WORK REQUEST: Copy each line of the entries beneath that contains the word "para".

(Extracted data entries)
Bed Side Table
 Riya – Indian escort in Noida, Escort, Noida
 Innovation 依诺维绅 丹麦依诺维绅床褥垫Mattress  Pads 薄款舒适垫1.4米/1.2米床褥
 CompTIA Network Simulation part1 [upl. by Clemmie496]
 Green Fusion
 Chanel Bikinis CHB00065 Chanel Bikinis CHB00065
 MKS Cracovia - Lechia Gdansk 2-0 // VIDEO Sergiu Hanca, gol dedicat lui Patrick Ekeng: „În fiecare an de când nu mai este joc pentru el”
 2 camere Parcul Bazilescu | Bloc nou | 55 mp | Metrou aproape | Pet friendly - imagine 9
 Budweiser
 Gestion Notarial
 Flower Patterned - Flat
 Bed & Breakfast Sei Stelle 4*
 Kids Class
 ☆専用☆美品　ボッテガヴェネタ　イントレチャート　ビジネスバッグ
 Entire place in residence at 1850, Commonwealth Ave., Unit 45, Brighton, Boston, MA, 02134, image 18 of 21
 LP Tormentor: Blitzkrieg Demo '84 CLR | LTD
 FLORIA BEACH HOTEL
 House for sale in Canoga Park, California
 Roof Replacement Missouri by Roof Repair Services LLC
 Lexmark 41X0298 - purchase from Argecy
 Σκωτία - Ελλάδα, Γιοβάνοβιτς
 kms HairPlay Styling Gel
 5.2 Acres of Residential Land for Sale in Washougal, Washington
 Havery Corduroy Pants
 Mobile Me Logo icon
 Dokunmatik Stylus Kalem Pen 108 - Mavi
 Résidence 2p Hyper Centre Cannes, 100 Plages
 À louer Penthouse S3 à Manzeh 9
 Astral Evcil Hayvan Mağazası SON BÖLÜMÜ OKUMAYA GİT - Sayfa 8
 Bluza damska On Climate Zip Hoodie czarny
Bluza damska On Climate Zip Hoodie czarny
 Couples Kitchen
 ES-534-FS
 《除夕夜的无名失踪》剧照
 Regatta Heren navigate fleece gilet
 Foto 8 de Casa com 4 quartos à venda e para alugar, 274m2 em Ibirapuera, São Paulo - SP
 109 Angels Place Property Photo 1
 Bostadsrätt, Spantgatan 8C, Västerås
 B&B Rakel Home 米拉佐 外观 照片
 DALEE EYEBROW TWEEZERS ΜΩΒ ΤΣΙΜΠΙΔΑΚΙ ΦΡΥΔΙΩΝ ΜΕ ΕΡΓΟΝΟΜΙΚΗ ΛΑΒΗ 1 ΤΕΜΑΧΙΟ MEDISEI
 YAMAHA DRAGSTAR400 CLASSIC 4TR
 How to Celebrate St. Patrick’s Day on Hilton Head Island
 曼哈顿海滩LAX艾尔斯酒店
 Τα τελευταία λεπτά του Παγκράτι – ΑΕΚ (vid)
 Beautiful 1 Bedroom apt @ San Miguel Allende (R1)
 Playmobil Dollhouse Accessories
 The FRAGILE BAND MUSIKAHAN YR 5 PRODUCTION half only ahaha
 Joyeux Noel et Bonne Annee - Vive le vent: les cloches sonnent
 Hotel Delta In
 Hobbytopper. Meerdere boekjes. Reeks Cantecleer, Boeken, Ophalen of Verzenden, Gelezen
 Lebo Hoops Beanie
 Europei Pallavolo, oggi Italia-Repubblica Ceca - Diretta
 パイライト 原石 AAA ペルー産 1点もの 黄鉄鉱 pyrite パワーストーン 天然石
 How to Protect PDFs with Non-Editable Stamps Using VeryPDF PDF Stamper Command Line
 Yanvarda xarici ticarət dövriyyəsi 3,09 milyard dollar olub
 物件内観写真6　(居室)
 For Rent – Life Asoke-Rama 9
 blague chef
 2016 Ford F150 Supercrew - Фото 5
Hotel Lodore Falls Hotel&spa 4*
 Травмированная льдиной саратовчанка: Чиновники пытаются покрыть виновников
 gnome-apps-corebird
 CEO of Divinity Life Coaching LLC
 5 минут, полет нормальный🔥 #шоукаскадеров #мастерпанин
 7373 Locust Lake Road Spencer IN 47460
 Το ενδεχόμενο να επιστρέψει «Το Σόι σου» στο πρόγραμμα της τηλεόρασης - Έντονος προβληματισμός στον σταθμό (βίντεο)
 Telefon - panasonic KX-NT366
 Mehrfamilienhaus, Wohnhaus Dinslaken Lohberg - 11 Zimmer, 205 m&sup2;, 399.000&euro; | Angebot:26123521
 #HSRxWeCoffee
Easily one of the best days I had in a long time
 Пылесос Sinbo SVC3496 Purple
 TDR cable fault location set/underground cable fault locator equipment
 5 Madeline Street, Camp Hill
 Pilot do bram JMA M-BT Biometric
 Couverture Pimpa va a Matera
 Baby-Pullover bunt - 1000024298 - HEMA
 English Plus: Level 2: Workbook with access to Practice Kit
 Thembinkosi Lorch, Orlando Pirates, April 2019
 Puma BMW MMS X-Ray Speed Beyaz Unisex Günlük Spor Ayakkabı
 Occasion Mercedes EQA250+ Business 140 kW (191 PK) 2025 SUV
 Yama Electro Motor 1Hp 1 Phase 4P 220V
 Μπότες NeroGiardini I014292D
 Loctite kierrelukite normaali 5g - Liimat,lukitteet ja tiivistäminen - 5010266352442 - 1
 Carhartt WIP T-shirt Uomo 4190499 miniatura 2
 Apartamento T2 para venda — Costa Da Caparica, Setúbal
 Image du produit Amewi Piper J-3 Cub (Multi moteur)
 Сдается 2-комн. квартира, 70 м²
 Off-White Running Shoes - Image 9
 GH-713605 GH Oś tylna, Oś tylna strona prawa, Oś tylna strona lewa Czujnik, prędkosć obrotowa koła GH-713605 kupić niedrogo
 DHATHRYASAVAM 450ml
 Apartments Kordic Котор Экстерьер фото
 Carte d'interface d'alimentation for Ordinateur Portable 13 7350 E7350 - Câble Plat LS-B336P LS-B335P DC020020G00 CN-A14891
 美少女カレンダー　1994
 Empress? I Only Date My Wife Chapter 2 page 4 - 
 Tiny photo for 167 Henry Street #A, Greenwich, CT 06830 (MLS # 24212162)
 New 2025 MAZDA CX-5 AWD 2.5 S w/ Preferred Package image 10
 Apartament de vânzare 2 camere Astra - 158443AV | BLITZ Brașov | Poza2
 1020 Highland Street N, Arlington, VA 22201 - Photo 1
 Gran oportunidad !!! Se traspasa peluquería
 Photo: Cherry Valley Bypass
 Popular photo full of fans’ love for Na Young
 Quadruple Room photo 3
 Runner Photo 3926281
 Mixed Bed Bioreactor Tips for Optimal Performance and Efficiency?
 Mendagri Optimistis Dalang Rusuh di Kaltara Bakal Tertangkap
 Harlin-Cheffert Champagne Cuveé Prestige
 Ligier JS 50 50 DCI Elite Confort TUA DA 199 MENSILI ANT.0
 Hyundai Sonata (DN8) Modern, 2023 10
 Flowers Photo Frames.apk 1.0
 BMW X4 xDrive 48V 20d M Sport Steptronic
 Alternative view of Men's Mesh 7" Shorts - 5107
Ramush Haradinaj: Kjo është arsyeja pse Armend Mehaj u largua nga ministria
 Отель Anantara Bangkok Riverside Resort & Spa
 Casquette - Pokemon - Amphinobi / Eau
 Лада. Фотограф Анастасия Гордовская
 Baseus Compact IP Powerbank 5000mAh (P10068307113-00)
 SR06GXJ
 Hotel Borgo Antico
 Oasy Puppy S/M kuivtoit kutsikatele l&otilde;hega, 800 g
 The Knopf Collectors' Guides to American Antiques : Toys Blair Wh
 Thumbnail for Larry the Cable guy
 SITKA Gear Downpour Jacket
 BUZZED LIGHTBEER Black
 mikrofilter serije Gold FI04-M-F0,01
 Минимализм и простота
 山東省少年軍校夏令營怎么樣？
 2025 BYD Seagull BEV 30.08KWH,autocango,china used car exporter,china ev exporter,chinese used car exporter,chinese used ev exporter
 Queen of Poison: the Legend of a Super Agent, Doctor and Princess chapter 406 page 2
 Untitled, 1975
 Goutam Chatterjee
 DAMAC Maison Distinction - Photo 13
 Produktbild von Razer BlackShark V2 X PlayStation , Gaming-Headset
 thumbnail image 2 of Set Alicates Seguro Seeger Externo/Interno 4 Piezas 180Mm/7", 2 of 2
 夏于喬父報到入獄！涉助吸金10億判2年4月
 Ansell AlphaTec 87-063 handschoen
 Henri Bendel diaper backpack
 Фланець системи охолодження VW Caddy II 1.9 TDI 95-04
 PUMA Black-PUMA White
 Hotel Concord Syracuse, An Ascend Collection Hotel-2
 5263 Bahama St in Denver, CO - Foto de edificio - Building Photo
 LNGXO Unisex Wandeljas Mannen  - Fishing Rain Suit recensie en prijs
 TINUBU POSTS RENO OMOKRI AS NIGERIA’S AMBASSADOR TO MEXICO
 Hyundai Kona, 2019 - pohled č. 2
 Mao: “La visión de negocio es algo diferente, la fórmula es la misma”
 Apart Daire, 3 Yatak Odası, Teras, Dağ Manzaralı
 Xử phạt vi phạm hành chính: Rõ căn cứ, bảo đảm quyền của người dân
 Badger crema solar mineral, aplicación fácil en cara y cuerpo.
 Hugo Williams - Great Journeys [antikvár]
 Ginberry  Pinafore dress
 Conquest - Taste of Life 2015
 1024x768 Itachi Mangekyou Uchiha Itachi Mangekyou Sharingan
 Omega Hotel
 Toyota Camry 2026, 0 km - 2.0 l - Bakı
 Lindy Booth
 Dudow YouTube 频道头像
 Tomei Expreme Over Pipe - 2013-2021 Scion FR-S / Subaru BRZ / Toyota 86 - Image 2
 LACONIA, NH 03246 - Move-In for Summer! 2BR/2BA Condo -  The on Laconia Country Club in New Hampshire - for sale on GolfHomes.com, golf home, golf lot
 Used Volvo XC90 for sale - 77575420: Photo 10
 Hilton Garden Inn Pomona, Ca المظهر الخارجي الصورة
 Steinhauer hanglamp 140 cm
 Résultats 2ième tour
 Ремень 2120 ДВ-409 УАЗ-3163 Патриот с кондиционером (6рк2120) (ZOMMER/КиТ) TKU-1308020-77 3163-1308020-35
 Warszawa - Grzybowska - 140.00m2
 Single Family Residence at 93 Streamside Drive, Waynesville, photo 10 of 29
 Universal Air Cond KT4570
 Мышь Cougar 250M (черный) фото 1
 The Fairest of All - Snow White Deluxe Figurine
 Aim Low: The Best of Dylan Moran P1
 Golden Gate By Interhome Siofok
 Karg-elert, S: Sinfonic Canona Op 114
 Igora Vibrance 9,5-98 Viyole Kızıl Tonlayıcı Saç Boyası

EXPECTED ANSWER:
 Foto 8 de Casa com 4 quartos à venda e para alugar, 274m2 em Ibirapuera, São Paulo - SP
 Apartamento T2 para venda — Costa Da Caparica, Setúbal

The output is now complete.